I come from a fairly musical family, neither of my parents were full-time musicians but both were musical in different ways and made sure our house was always full of instruments. At some point I found their xylophone and learnt a few nursery rhymes which set me off on a path to studying classical piano.
I really enjoyed playing the piano but I never really managed to gel together the music I could play with the music I was listening to. Being in Bristol in the 90s I was gravitating towards jungle and triphop but playing Bach. Ultimately what I was listening to was not played by pianists, but made by engineers at computers and performed on vinyl so I parted ways with the piano.
I got my first decks with what must have been one of my first paychecks as a supermarket fishmonger, and by the time I moved to Brighton to study computing had started amassing a bit of a record collection. By the early 2000s I was playing around Brighton as DJ Don and running drum & bass nights, a sound system, and pirate radio shows with some friends. This was quite life changing for me as I’ve always been shy and this gave me a new way to meet people and interact socially through music.
Eventually I landed a job as a web-developer and the steady job didn’t really sit well alongside 5am sets at the Volks, so after burning the candle at both ends for a while I realised something had to go and I pretty much stopped DJing. That left a big creative and social hole in my life for a while, at a time when I no longer felt tied to drum & bass so was out exploring new kinds of music and feeling drawn towards horn sections. One night I was talking to a clarinetist friend about how much fun it must be to play horns and it turned out she had an unused saxophone lying around which she was happy for me to try out.
After rather a lot of self-taught wailing and squeaking, mainly after hours in the office where I was sure there were no neighbours, I learnt to hold down some simple tunes. A violinist friend suggested I try the Brighton Jazz School and suddenly I was caught up in a community of musicians exploring the world of jazz and improvised music.
I’m now playing with a few different groups each of which is rewarding in different ways, some musically, some socially, some financially. I find that each project I work with brings a new set of ideas and possibilities so every musician I work with builds and improves me as a player, some continue to surprise and inspire me even after years of playing together.
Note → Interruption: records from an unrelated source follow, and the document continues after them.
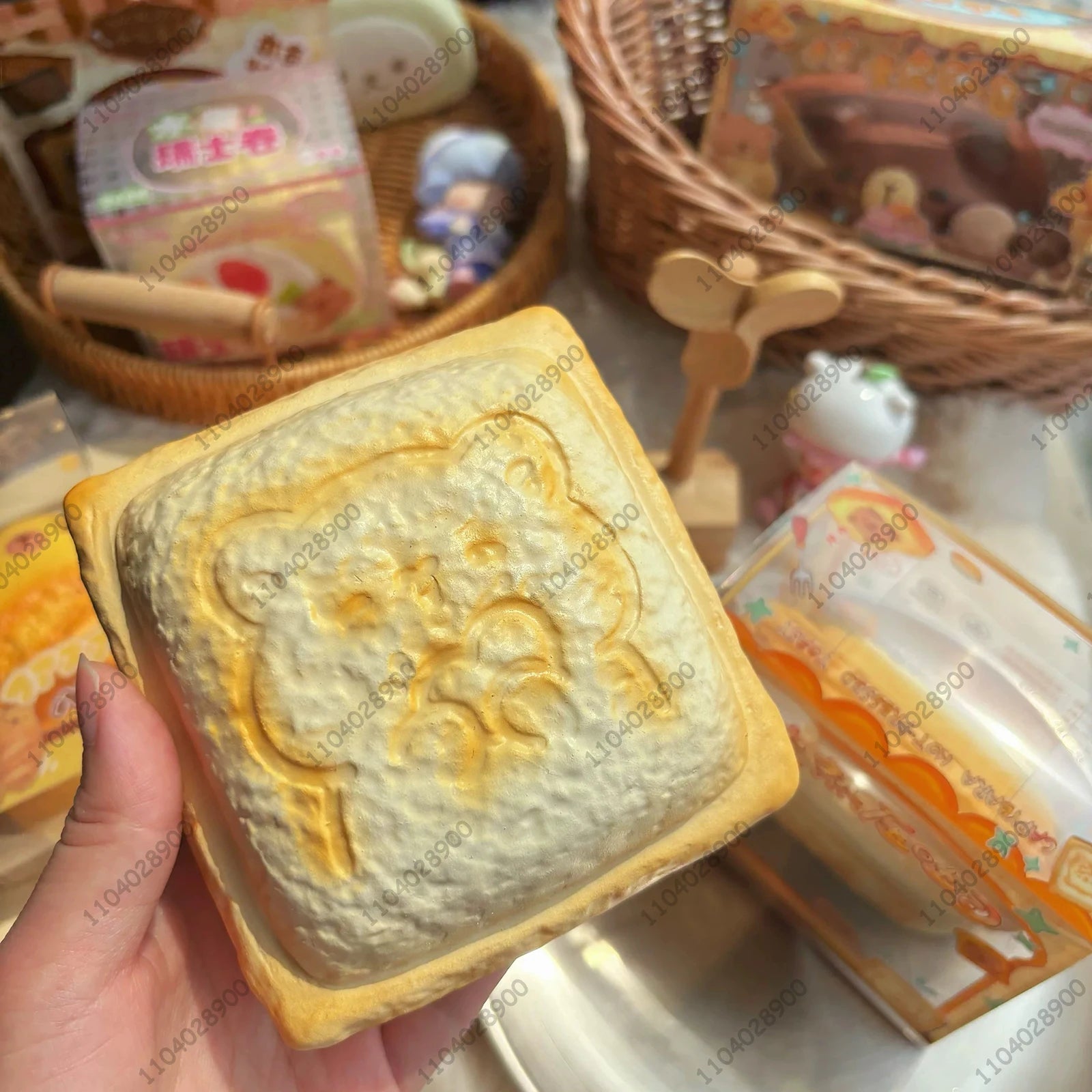 Capybara Bakery Slow Rising Squishy Toy – Cute Bread & Pastry Stress Relief Toy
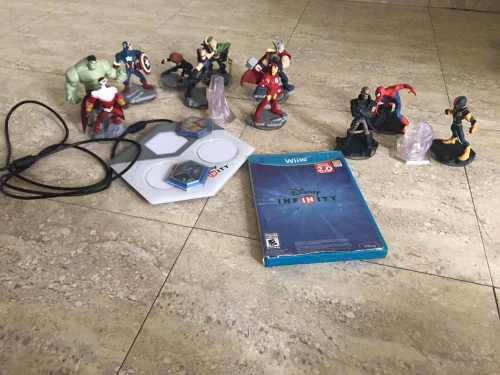 Juego Infinity 2.0 Para Wii U Con 2 Set Avengers Y Spiderman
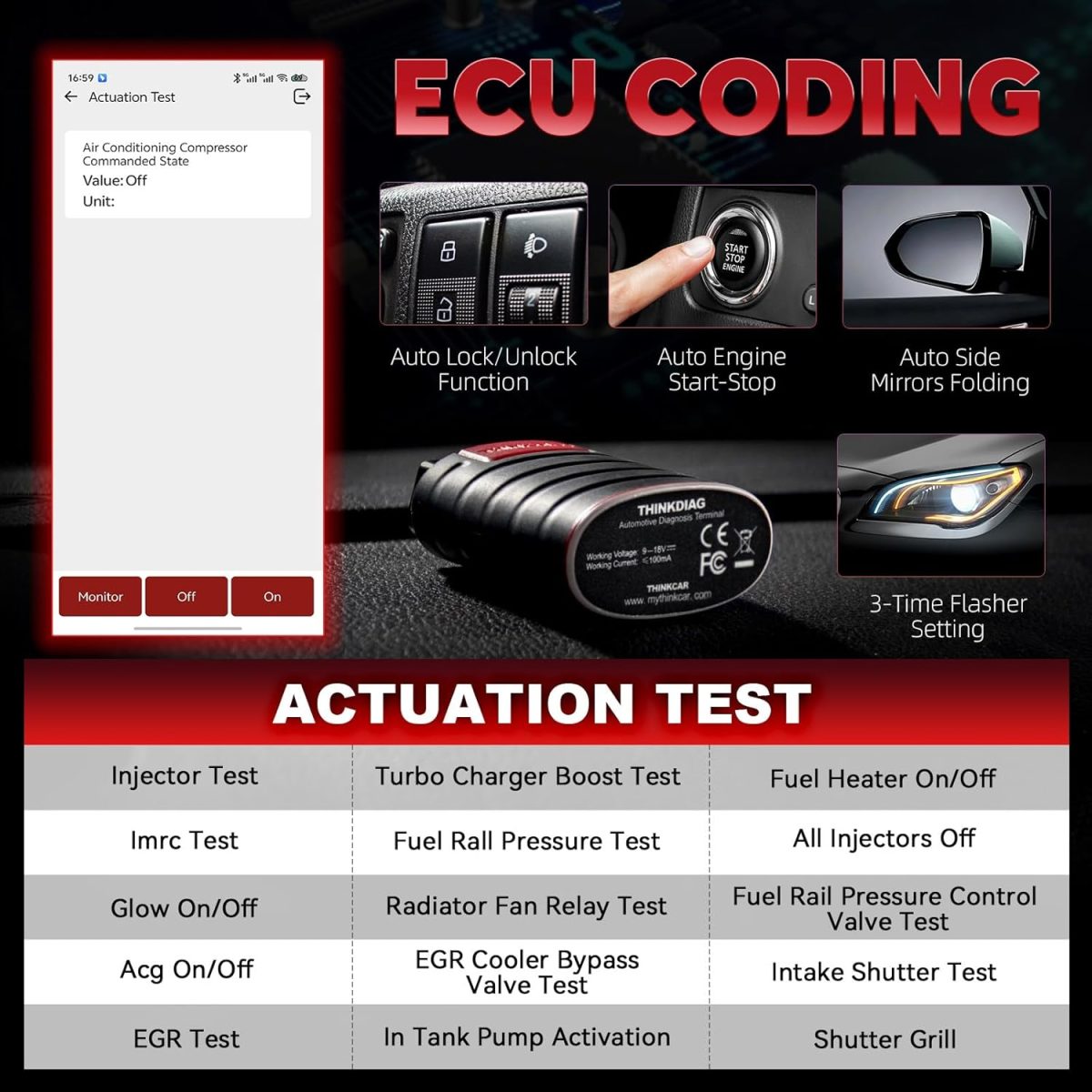 Escaner Automotriz Thinkcar Thinkdiag Obd2 Full Marcas 1 Año Compatible con Android y iPhone - Imagen 6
I’m still very much learning jazz in all ways, but also looking for ways to bring in some of what I used to love about electronic music. I’ve looked at various ways of pulling the two things together, playing over DJs or using electronic instruments in improvised settings, combining the power and energy of electronic dance music with the freedom and excitement of live instruments and improvisation.
I’m hoping that my own project Battuta’s Return will get there, although it’s still early days (and certainly not ticking the finance box at the minute). Realistically though, I suspect that 10 years down the line I’ll still have a handful of projects each of which scratches a certain itch and each of which is indispensable in its own way.